## [Records supplied]
--- --- ---
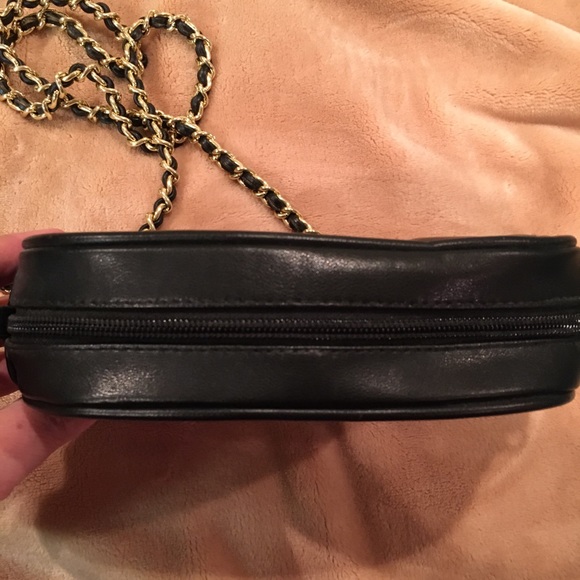 Black Quilted Purse - Picture 6 of 7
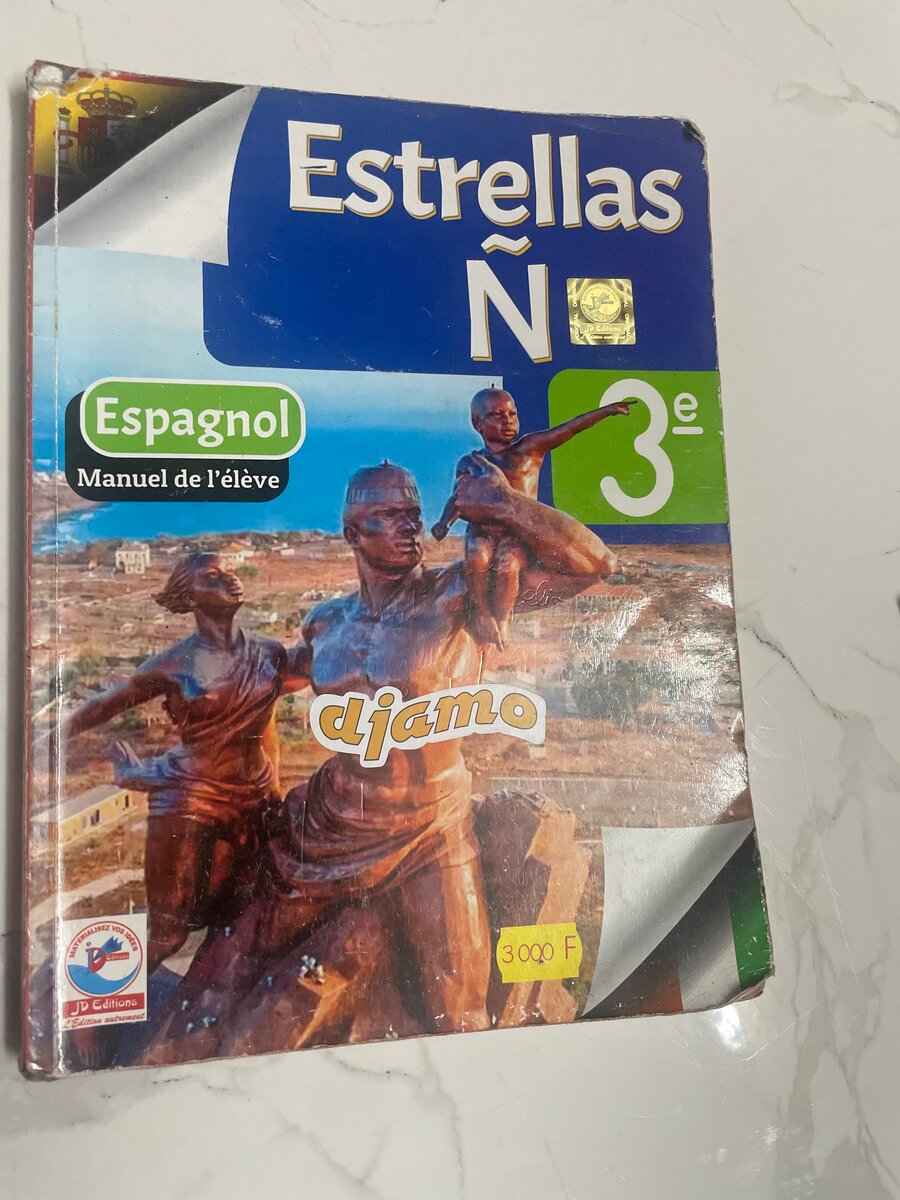 Manuels scolaires pour la 3e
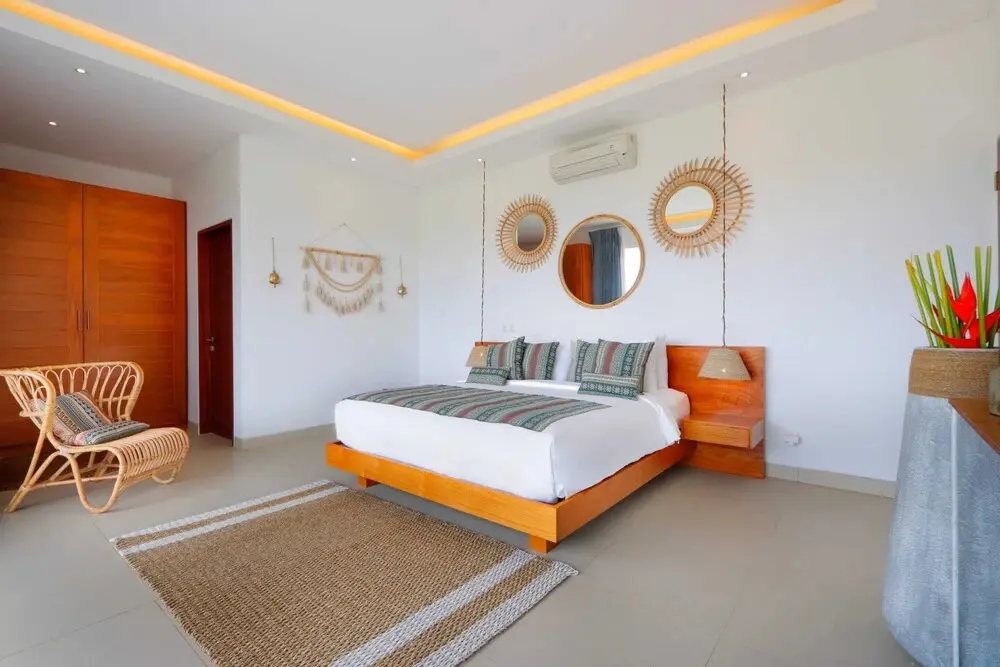 Кута: Exclusive Villas Complex, 7 BR, Seminyak Center w/ Staff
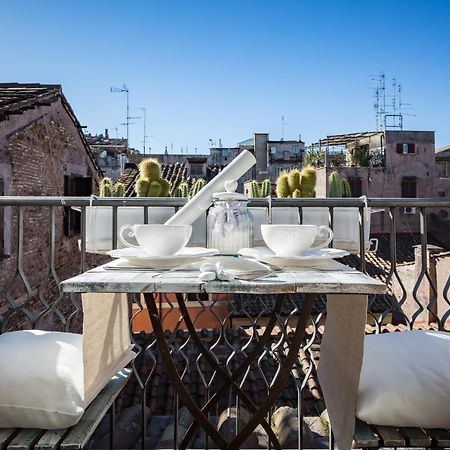 Апартаменты Campo Dei Fiori Luxury With Balcony Рим Экстерьер фото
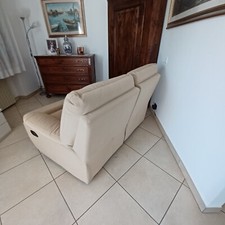 Divano 2 posti con appoggia piedi 150 x 90 alto 105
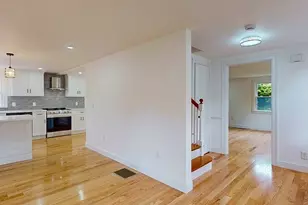 107 Washington St, Hudson, MA 01749 - Photo 7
--- --- ---
Please give a word-for-word transcript of the lines from the one holding "Divano 2 posti" through the final line of the entries, both ends kept, with no pictures.

 Divano 2 posti con appoggia piedi 150 x 90 alto 105
 107 Washington St, Hudson, MA 01749 - Photo 7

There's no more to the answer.